MLaaS Service Dataset Generator

This project generates comparable Machine Learning as a Service records from reviewed Hugging Face service manifests. Each manifest row defines an independent model, dataset, task, and training regime. The runner validates the row, trains or loads the model, evaluates it on a benchmark split, records functional attributes and system metrics, and writes the resulting service data to a SQLite database.

The active workflow is:

registry -> hf-manifest -> review manifest -> run-manifest --dry-run -> run-manifest -> SQLite service records

Each manifest row describes one independent service instance. Executing a row trains or loads one model, evaluates it on its benchmark split, records functional attributes and service metrics, then stores one service record in SQLite.

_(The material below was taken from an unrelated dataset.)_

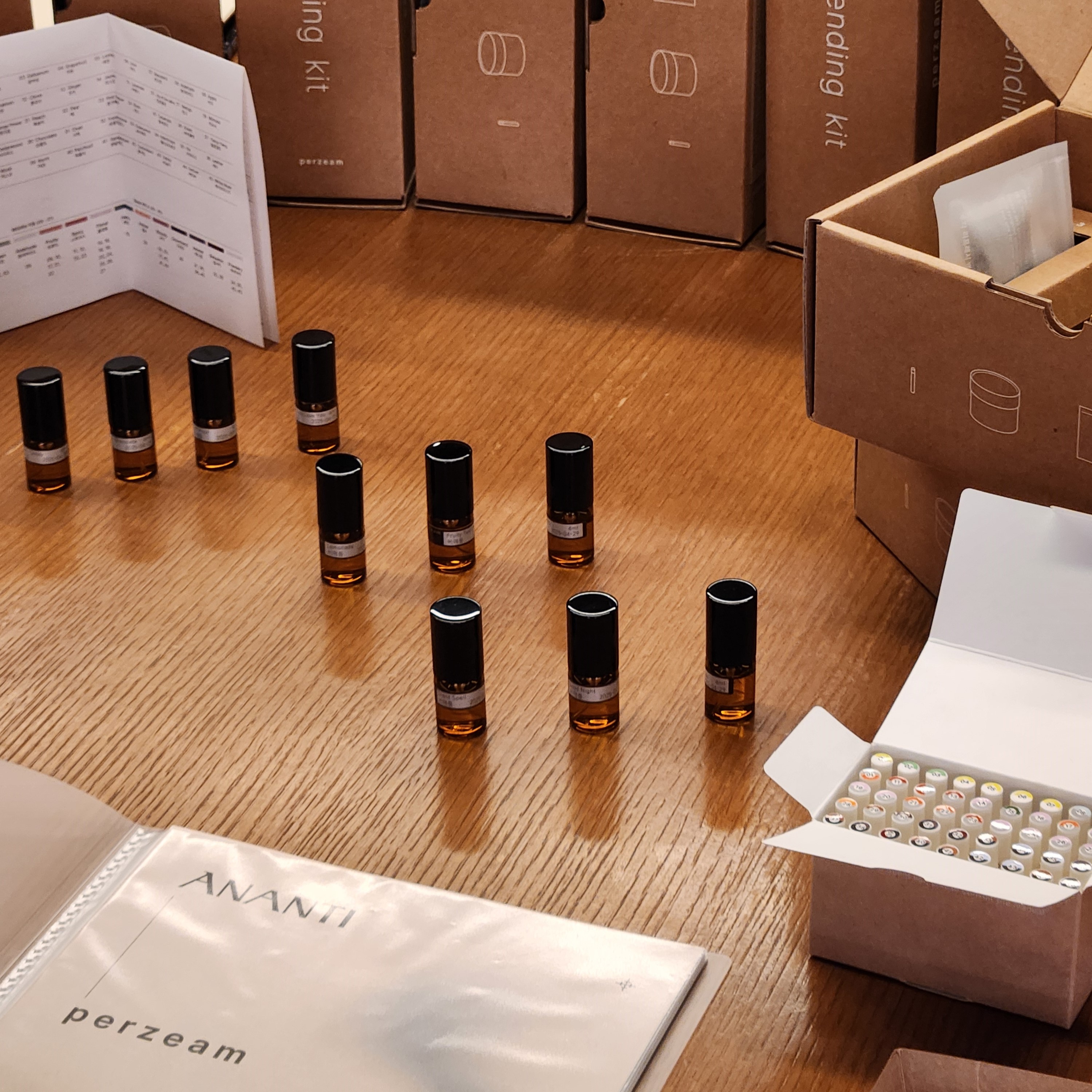 브랜드 메인 이미지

Python And Platform Prerequisites

Python 3.12 is the recommended baseline for current Windows ROCm PyTorch environments. Python 3.11 remains fine for Linux and CPU-only setups.

On Ubuntu or Debian:

sudo apt update
sudo apt install -y git rsync unzip sqlite3 python3 python3-venv python3-dev build-essentia l

Check Python:

python3 --version

Create And Activate A Virtual Environment

From the repository root:

python3 -m venv .venv
source .venv/bin/activate
python -m pip install --upgrade pip setuptools wheel

Your shell prompt should now show (.venv).

On Windows PowerShell, the activation command is:

.\.venv\Scripts\Activate.ps1

For the Windows ROCm environment in this repository, prefer the helper script so the ROCm SDK target-family override is set before imports:

.\scripts\Activate-ROCm-Venv.ps1

Windows ROCm (AMD Radeon) Setup

For native Windows ROCm PyTorch on supported AMD GPUs, use Python 3.12 and AMD's ROCm 7.2 wheel set instead of generic pip install torch.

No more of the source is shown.